Albuquerque Journal Staff Writer
Some Los Alamos National Laboratory workers are upset over who received payments as part of a $12 million settlement in a class action lawsuit against the lab's former manager.
The federal lawsuit against the University of California — which was settled last year — alleged pay and promotion disparities stemming from years of gender and racial discrimination at the lab.
But critics say that among the claimants receiving payouts are well-paid mid- and high-level lab managers.
“These are not the people who are salary-deprived at the lab ... and yet they had the audacity to partake in this hard-won victory for those lab workers who deserved vindication,” said longtime lab employee Charles “Chuck” Montaño, who helped bring the pay disparities to light. “Instead of vindication, they've been slapped across the face by those individuals in management who couldn't suppress their greed at least this once.”
Montaño is also upset that at least two lab attorneys have also received payouts. Montaño said it was conflict of interest for the attorneys — who previously worked for UC and now represent Los Alamos National Security, the lab's new manager — to receive part of the settlement.
Montaño, who says he received $3,800 as part of the settlement, said he wished there had been stricter guidelines concerning who could file claims.
John Bienvenu, one of the attorneys representing the class representatives, defended the payments.
“Certainly the payments were made to all levels of the class” because female and Hispanics across the board were discriminated against, Bienvenu said. The attorney said a statistician and a labor economist determined how much each employee should receive by calculating what their salary would have been if they were not discriminated against.
UC spokesman Chris Harrington said in a statement that the “class” in the class action case included all female and Hispanic employees.

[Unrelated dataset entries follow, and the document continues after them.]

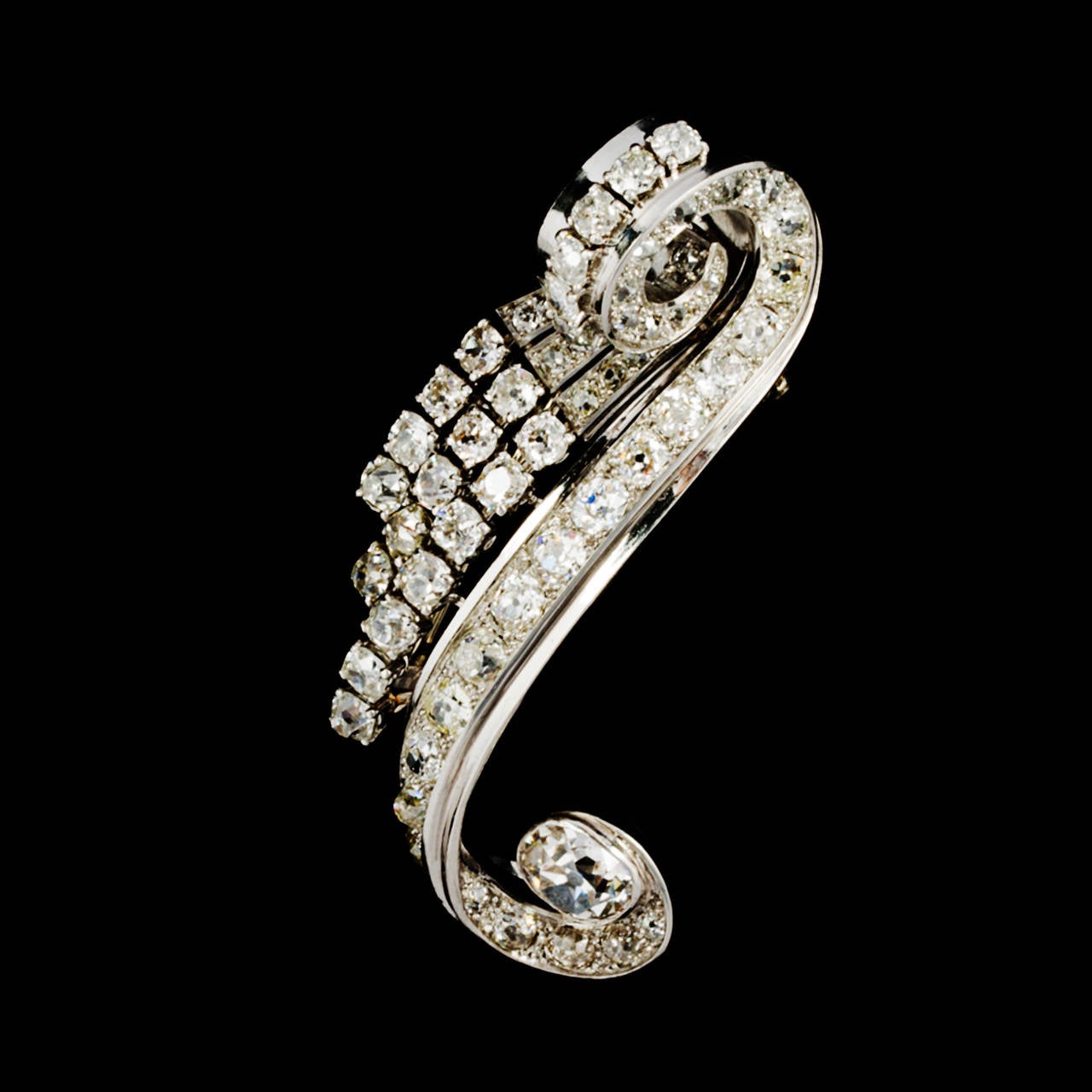 Old-Mine Cut Diamond Gold Platinum Scroll Clip Brooch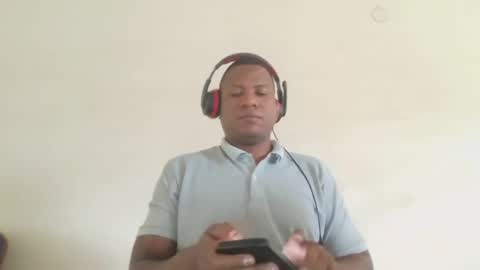 Snapshot of alberyan123 chatting on December 22, 4:48 pm alberyan123 online show from December 22, 4:48 pm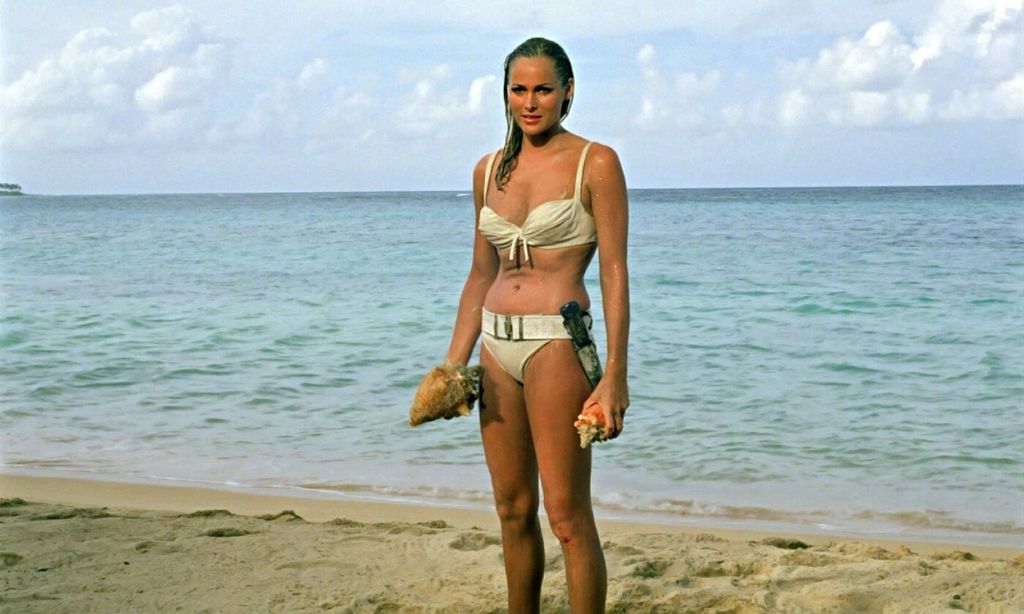 Ursula Andress - 7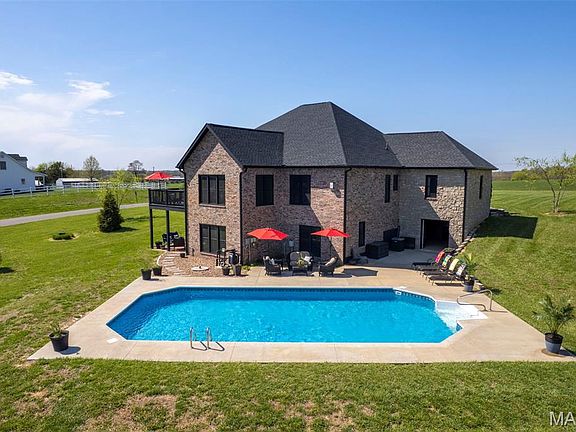 2nd image of 145 Saddlebrooke Rdg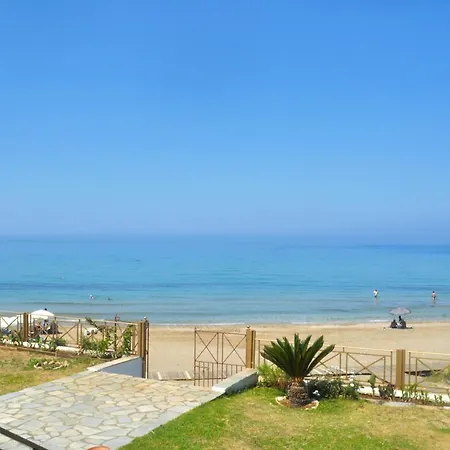 Beachfront 2-bed Luxury - Agios Gordios Corfu Greece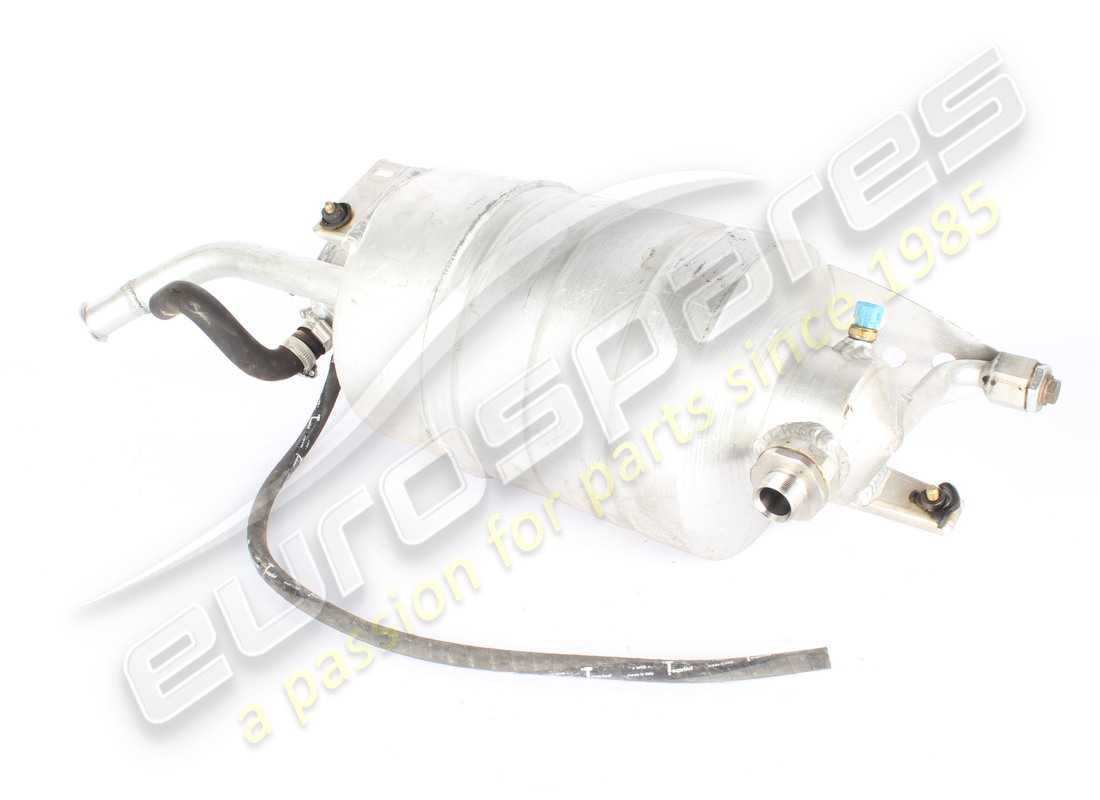 USED LAMBORGHINI OIL TANK. PART NUMBER 0015009704 (1) used lamborghini oil tank. part number 0015009704 (1)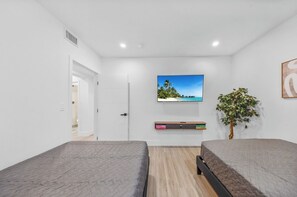5 bedrooms, WiFi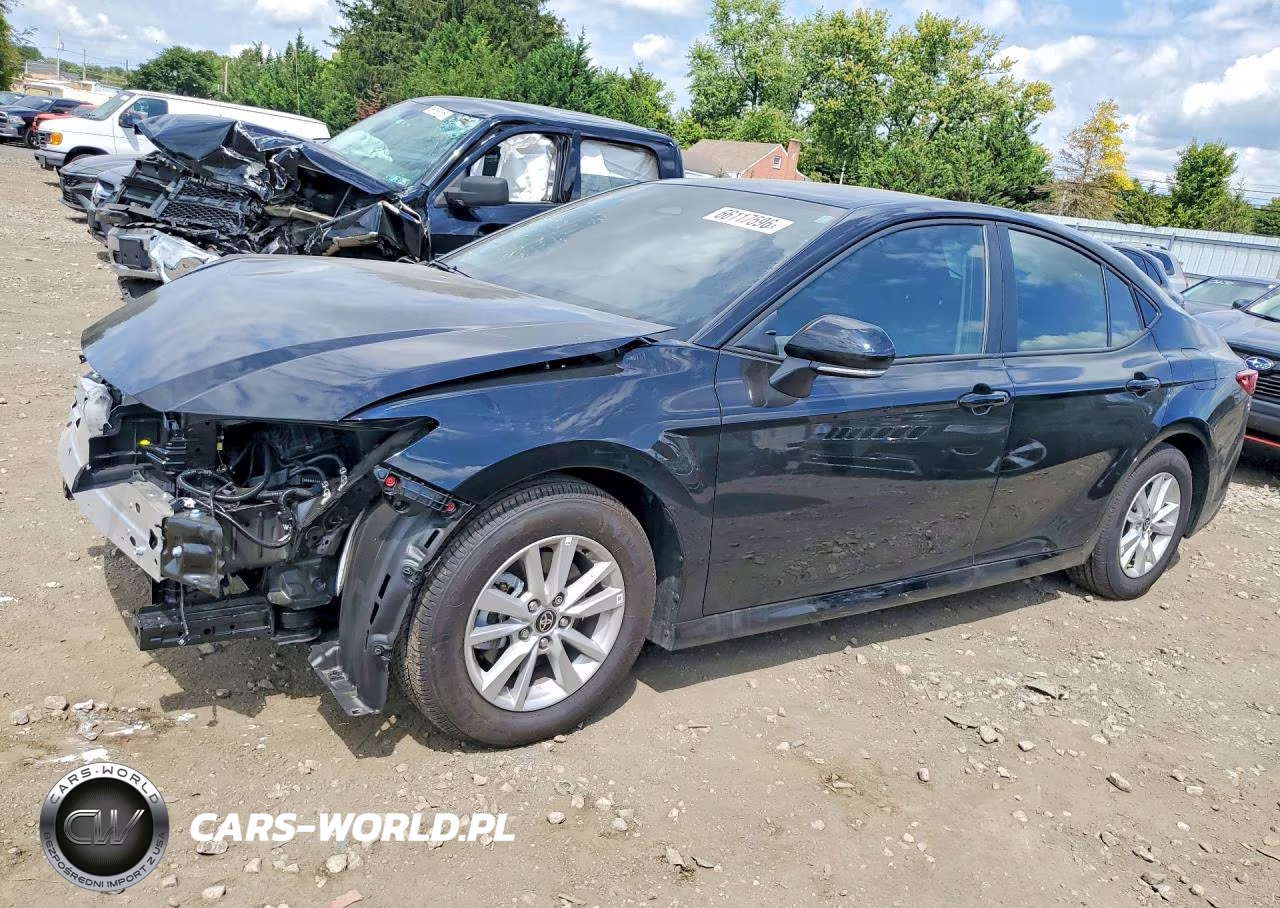 2026 Toyota Camry Le – zdjęcie 1 z 12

“The decision of whether or not to participate in the class action was a personal one made by each individual class member,” Harrington said. “The laboratory took no action to influence the decision of any employee regarding whether to participate in the class action, as that was a personal choice and legal right.”
Harrington said all eligible employees, including managers and attorneys, were free to make their own decisions as to whether to participate in the settlement.

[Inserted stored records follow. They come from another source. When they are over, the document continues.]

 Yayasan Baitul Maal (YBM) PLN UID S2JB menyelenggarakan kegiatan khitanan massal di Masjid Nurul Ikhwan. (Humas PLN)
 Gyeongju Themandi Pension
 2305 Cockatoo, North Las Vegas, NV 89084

The settlement stems from two discrimination lawsuits filed against the lab in 2003 and 2004 that were merged into a single class-action case.
Individual payments were based on a number of factors, including a formula outlined in the agreement and the number of people who file claims.
Settlement payouts have been a bone of contention before in the case. Last year, lab employee Laurie Quon appealed the settlement, arguing that women who originally initiated the lawsuit would receive excessive payouts.